*EXERCISE DIRECTIONS*
Copy exactly the lines from the one containing "Gantz Omnibus 1" through the last line of the records below, both included, and leave out the pictures.

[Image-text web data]
-------
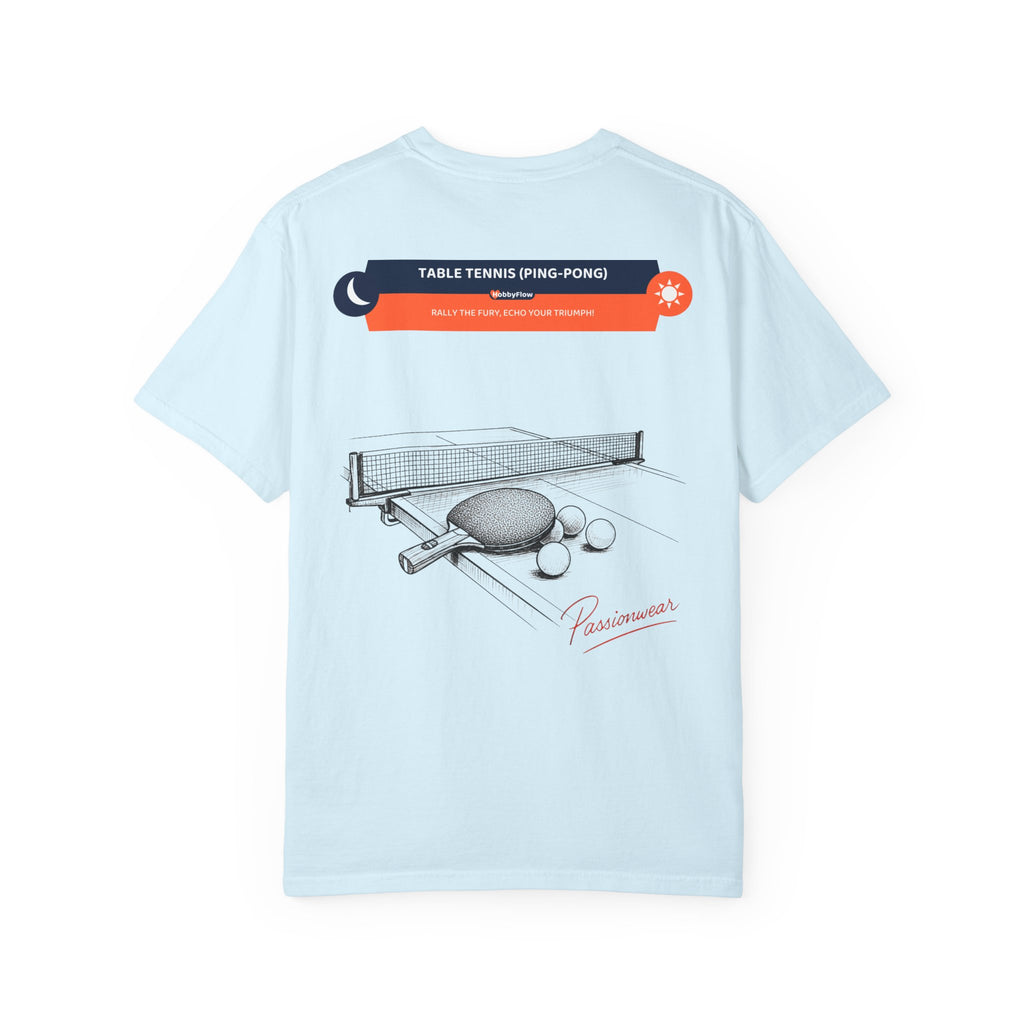 HobbyFlow Unisex Essential Table tennis (Ping-pong) Passionwear
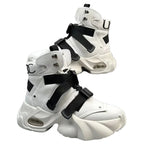 Basket à plateforme non ald imperméables pour hommes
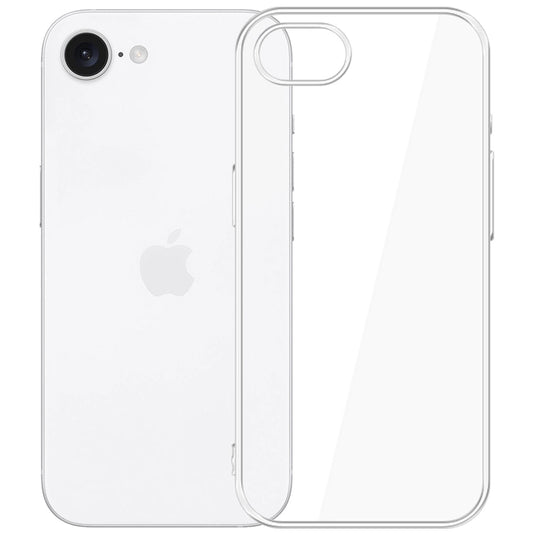 Hülle für Apple iPhone 17e / 16e, 3MK, Klar, Transparent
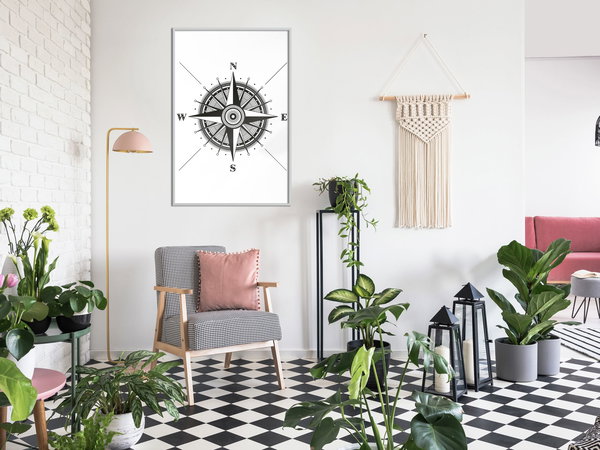 Poster 'Compass'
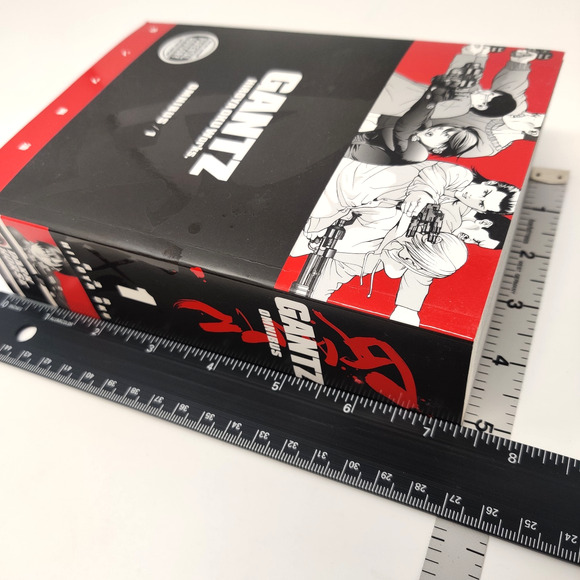 Gantz Omnibus 1 Vol 1 2 3 English Manga Hiroya Oku Dark Horse Seinen Mature - Picture 14 of 16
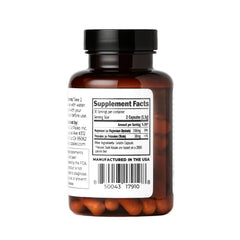 Made in USA label for Santa Cruz Paleo supplement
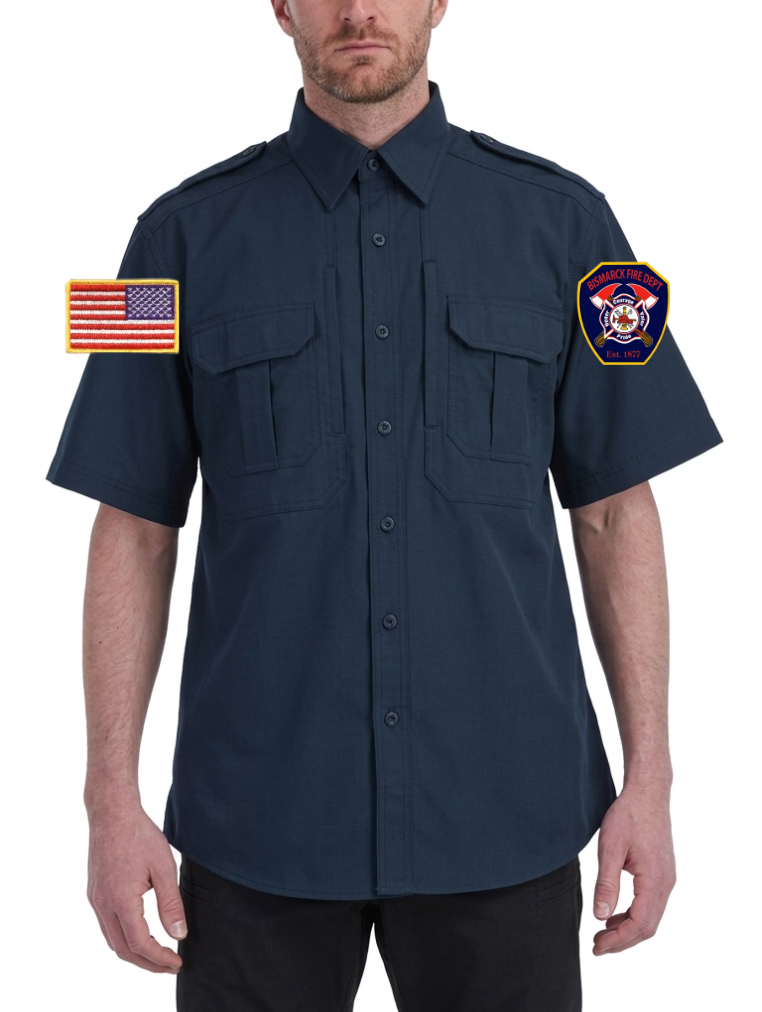 BFD Men's Tactical Shirt – Short Sleeve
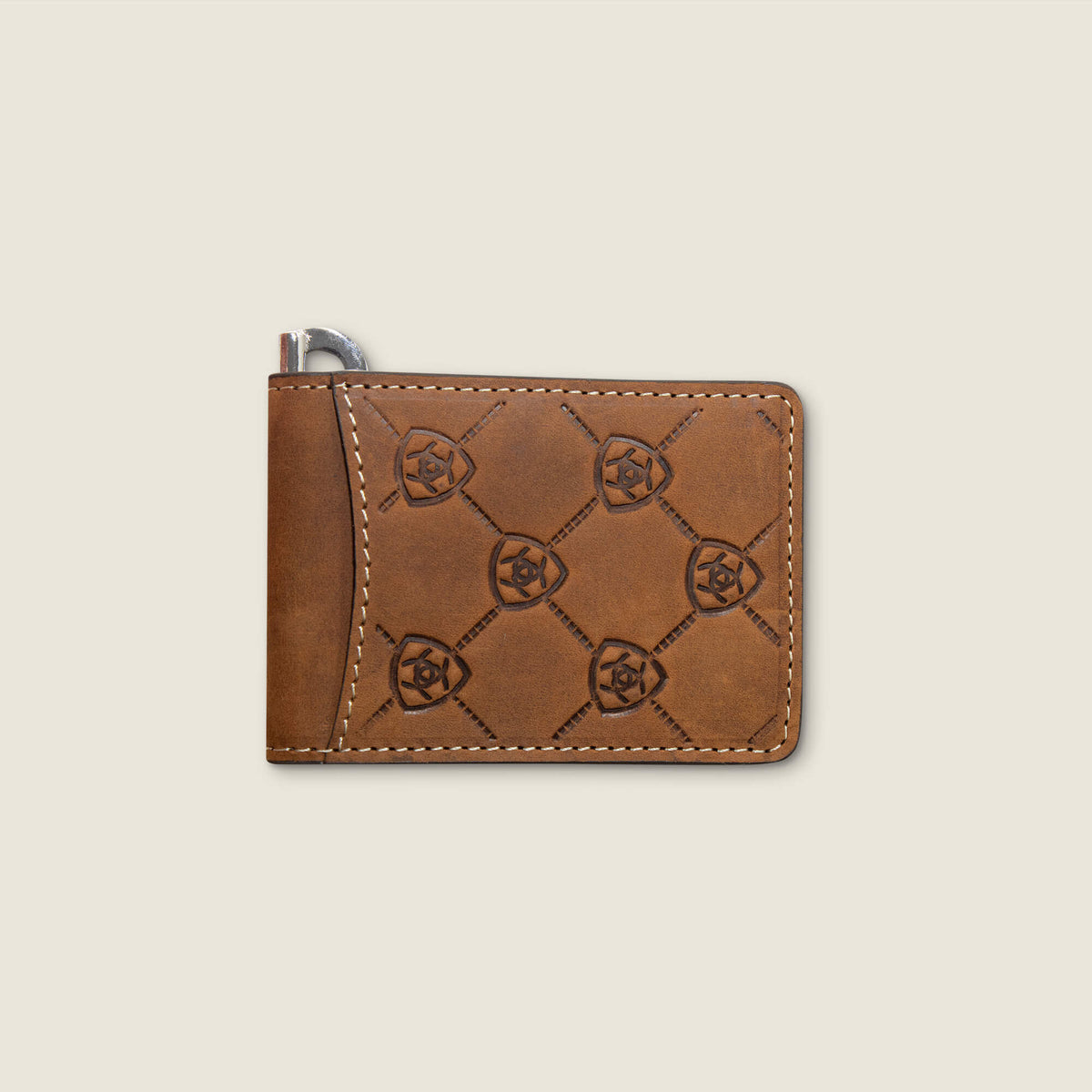 Ariat / Ariat Logo Print Money Clip Wallet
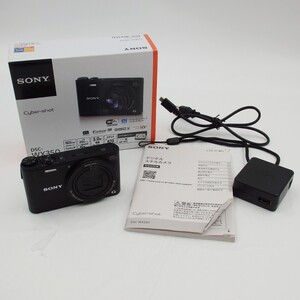 1円〜 SONY ソニー Cyber-shot DSC-WX350 デジタルスチルカメラ 箱付 動作確認済 現状品 y219-3350616【Y商品】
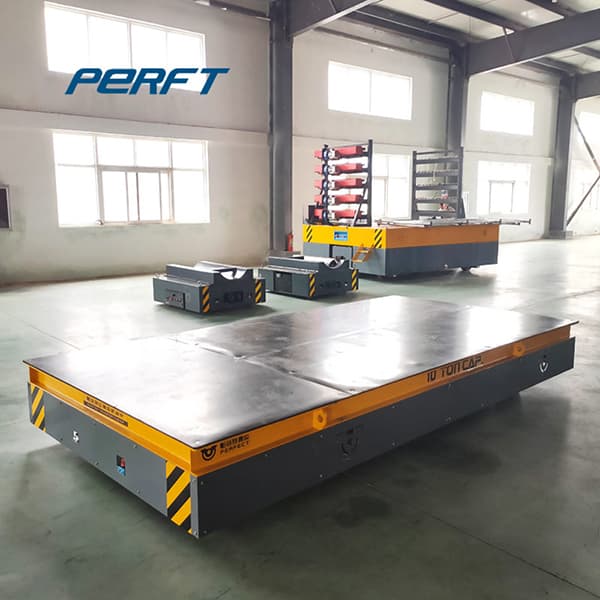 motorized transfer cars for material handling 30t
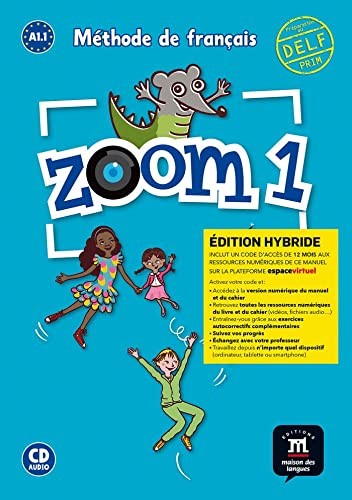 Cover for Zoom 1 Éd. hybride Livre de l'élève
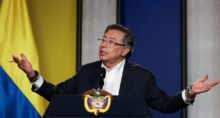 Gustavo petro Colômbia trump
-------
*EXERCISE RESPONSE*
 Gantz Omnibus 1 Vol 1 2 3 English Manga Hiroya Oku Dark Horse Seinen Mature - Picture 14 of 16
 Made in USA label for Santa Cruz Paleo supplement
 BFD Men's Tactical Shirt – Short Sleeve
 Ariat / Ariat Logo Print Money Clip Wallet
 1円〜 SONY ソニー Cyber-shot DSC-WX350 デジタルスチルカメラ 箱付 動作確認済 現状品 y219-3350616【Y商品】
 motorized transfer cars for material handling 30t
 Cover for Zoom 1 Éd. hybride Livre de l'élève
 Gustavo petro Colômbia trump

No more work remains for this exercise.